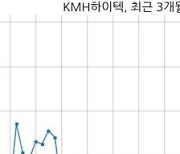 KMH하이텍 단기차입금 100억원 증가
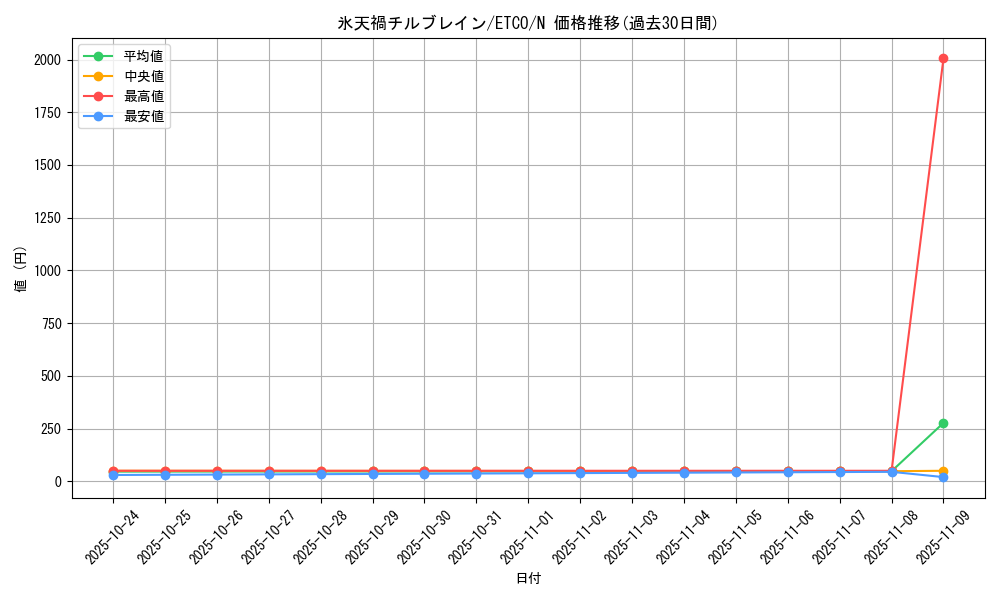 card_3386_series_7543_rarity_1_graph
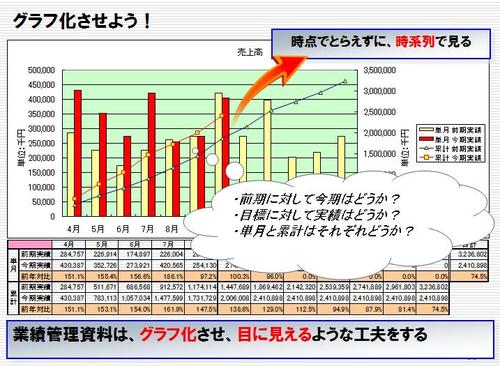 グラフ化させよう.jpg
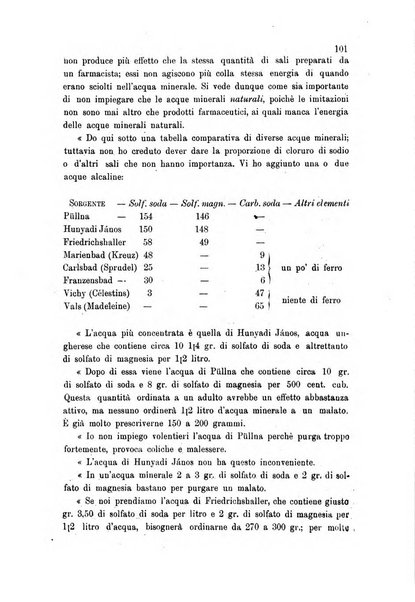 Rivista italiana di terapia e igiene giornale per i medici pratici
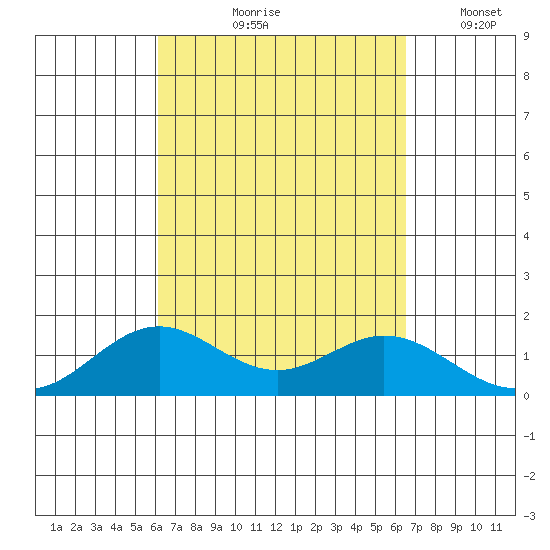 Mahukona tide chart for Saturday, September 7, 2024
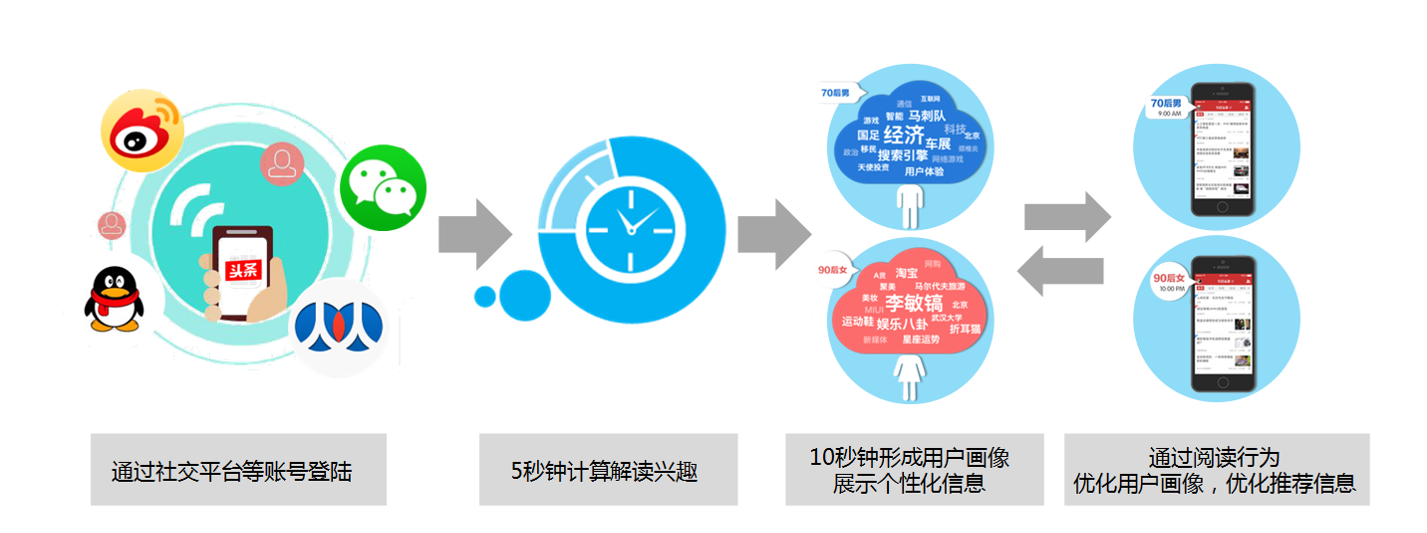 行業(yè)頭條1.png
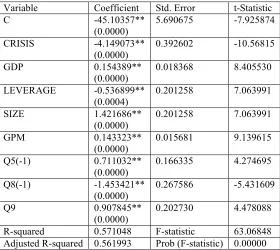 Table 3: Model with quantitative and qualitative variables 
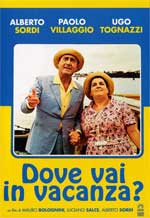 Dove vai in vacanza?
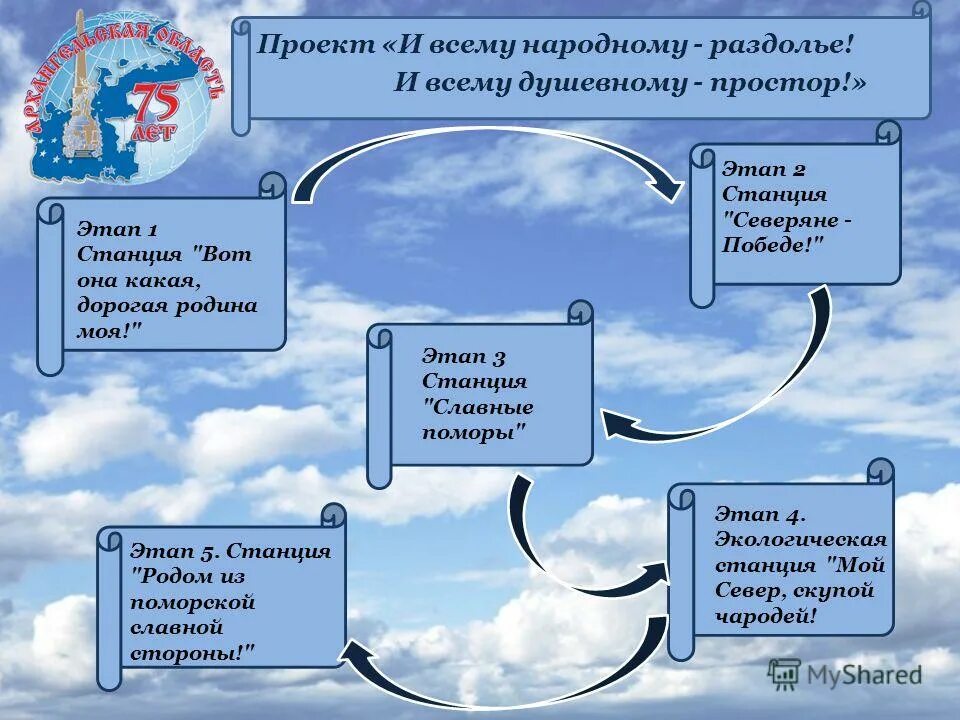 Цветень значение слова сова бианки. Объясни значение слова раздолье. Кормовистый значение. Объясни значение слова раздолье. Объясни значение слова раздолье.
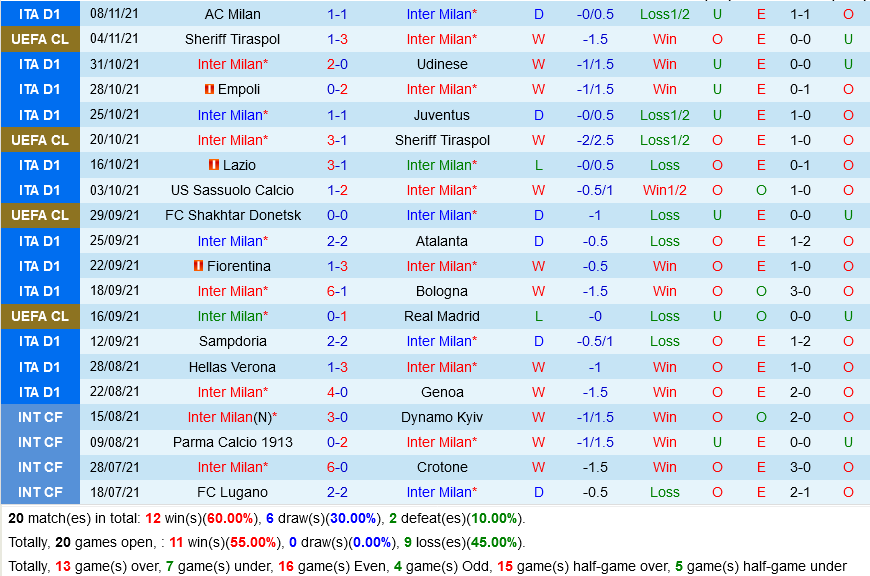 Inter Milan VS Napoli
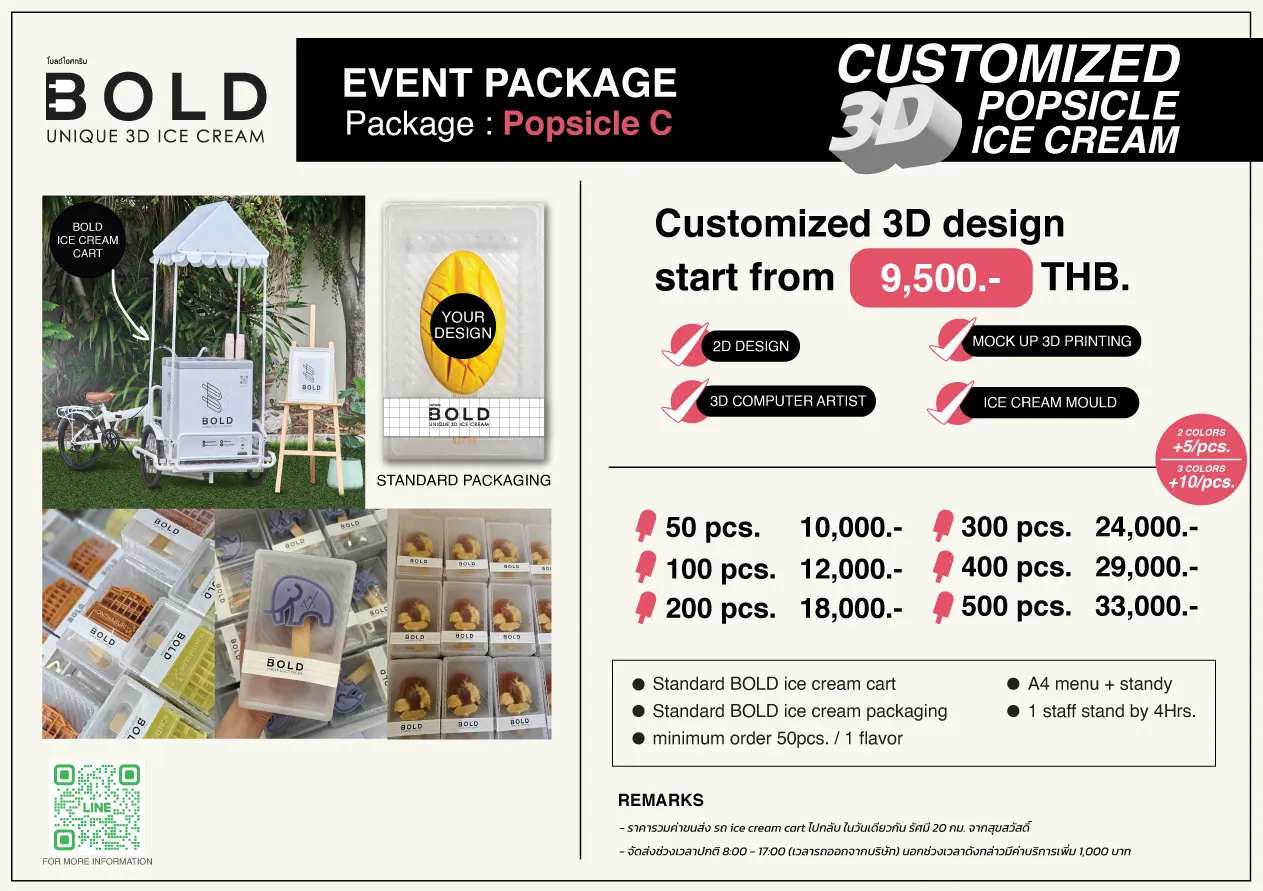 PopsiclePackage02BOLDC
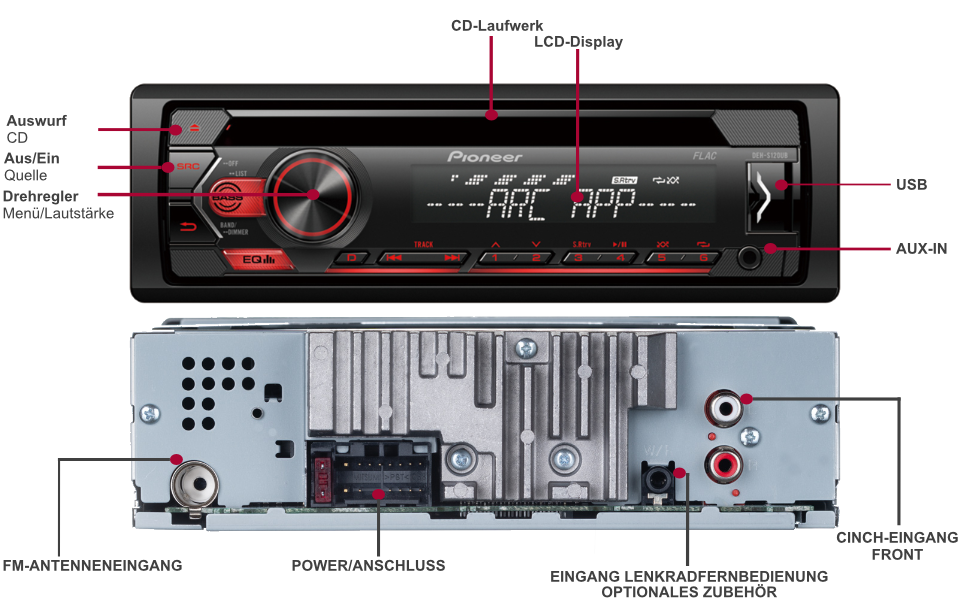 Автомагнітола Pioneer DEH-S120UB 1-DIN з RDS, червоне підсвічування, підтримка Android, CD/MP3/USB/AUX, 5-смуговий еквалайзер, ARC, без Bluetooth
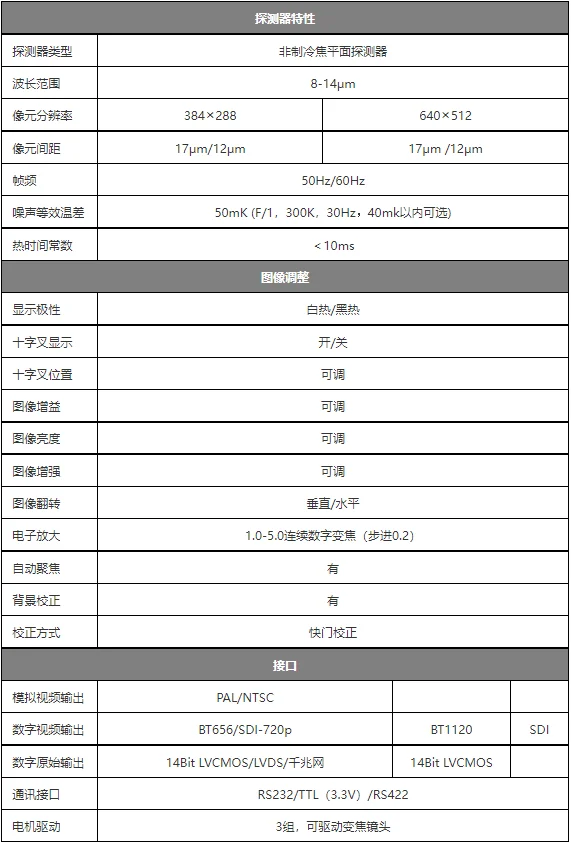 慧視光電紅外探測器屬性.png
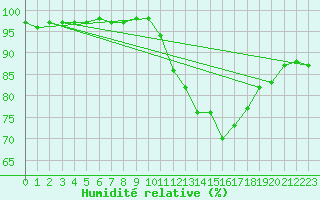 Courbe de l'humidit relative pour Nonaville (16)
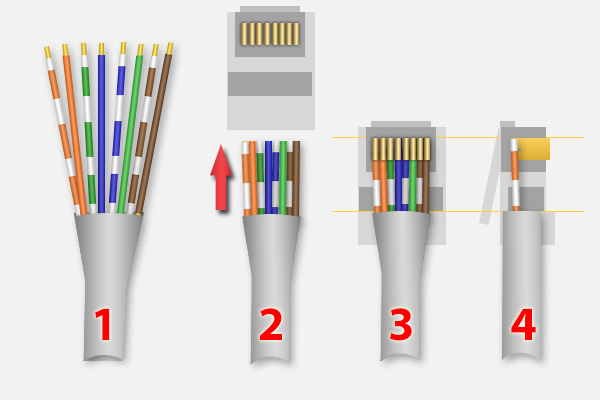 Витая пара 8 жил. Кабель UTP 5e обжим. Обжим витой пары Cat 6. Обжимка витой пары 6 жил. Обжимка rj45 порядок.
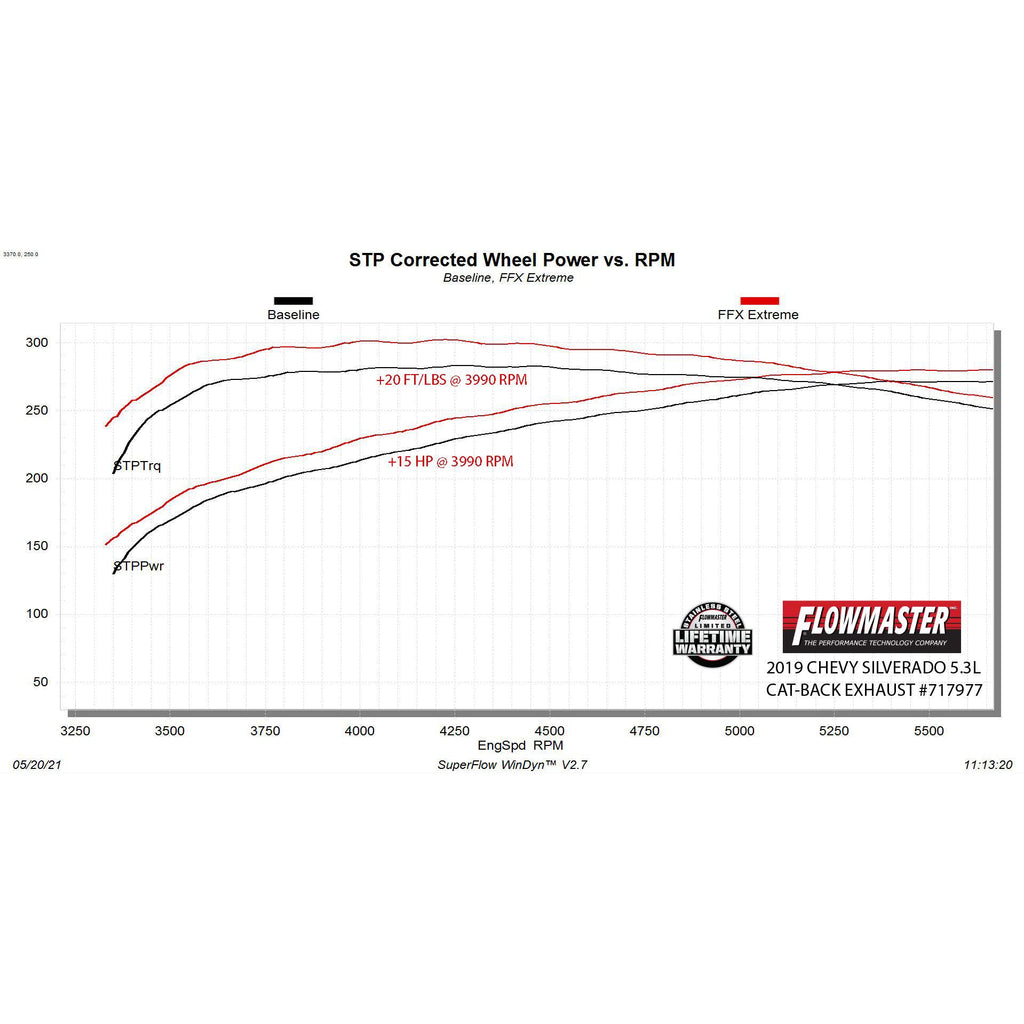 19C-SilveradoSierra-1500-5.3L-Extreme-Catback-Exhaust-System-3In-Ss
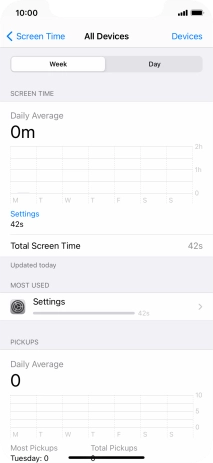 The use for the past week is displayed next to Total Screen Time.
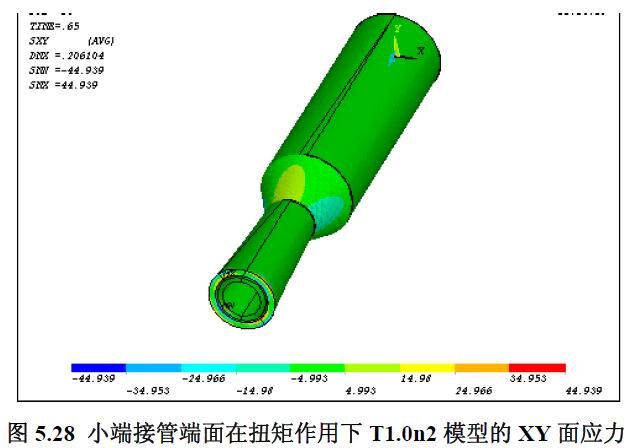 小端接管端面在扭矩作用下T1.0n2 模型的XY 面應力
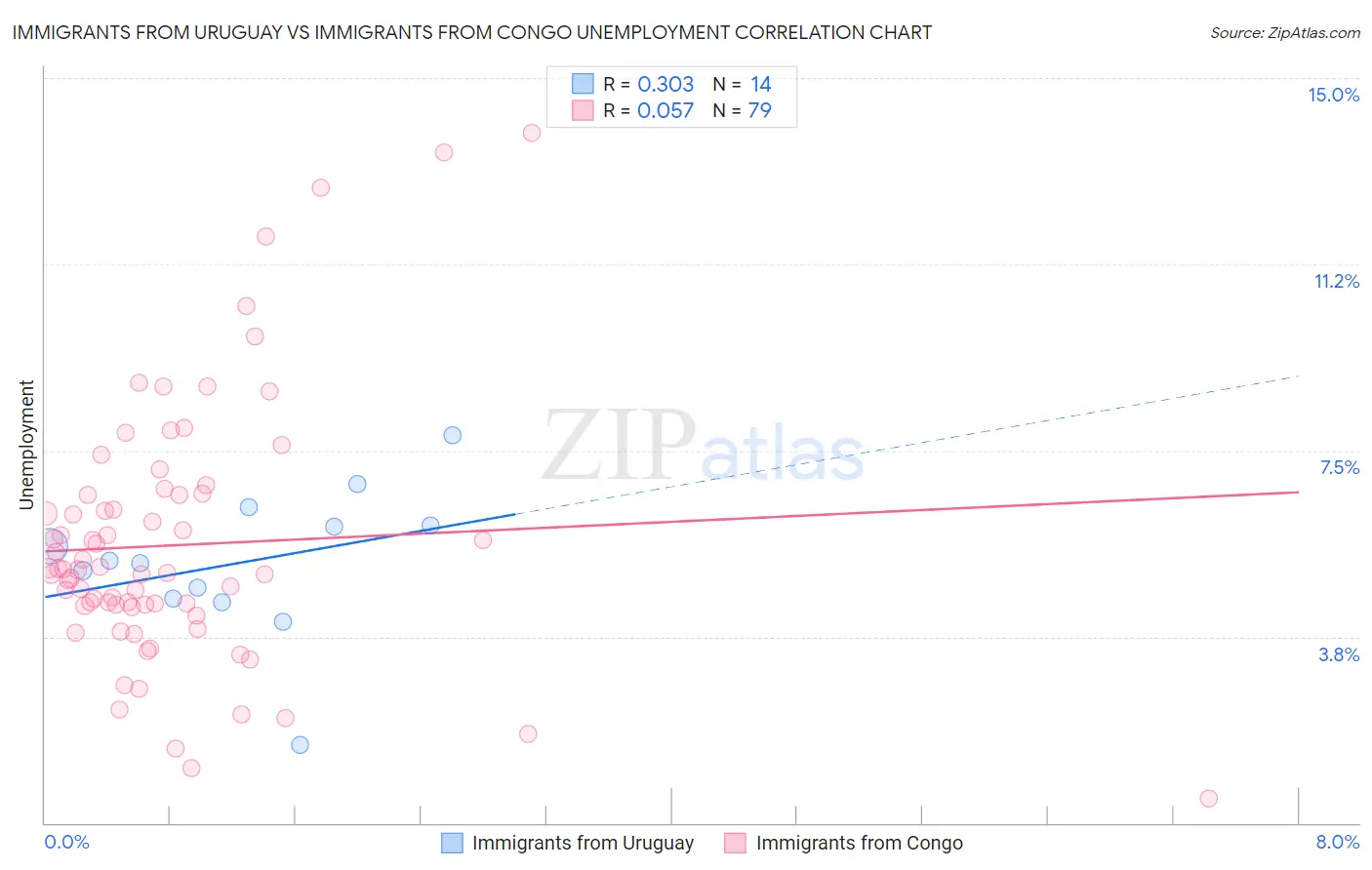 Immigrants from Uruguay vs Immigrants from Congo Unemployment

────────

== Exercise objective ==
Copy out the listing word for word and skip its pictures.

== Written answer ==
 KMH하이텍 단기차입금 100억원 증가
 card_3386_series_7543_rarity_1_graph
 グラフ化させよう.jpg
 Rivista italiana di terapia e igiene giornale per i medici pratici
 Mahukona tide chart for Saturday, September 7, 2024
 行業(yè)頭條1.png
 Table 3: Model with quantitative and qualitative variables 
 Dove vai in vacanza?
 Цветень значение слова сова бианки. Объясни значение слова раздолье. Кормовистый значение. Объясни значение слова раздолье. Объясни значение слова раздолье.
 Inter Milan VS Napoli
 PopsiclePackage02BOLDC
 Автомагнітола Pioneer DEH-S120UB 1-DIN з RDS, червоне підсвічування, підтримка Android, CD/MP3/USB/AUX, 5-смуговий еквалайзер, ARC, без Bluetooth
 慧視光電紅外探測器屬性.png
 Courbe de l'humidit relative pour Nonaville (16)
 Витая пара 8 жил. Кабель UTP 5e обжим. Обжим витой пары Cat 6. Обжимка витой пары 6 жил. Обжимка rj45 порядок.
 19C-SilveradoSierra-1500-5.3L-Extreme-Catback-Exhaust-System-3In-Ss
 The use for the past week is displayed next to Total Screen Time.
 小端接管端面在扭矩作用下T1.0n2 模型的XY 面應力
 Immigrants from Uruguay vs Immigrants from Congo Unemployment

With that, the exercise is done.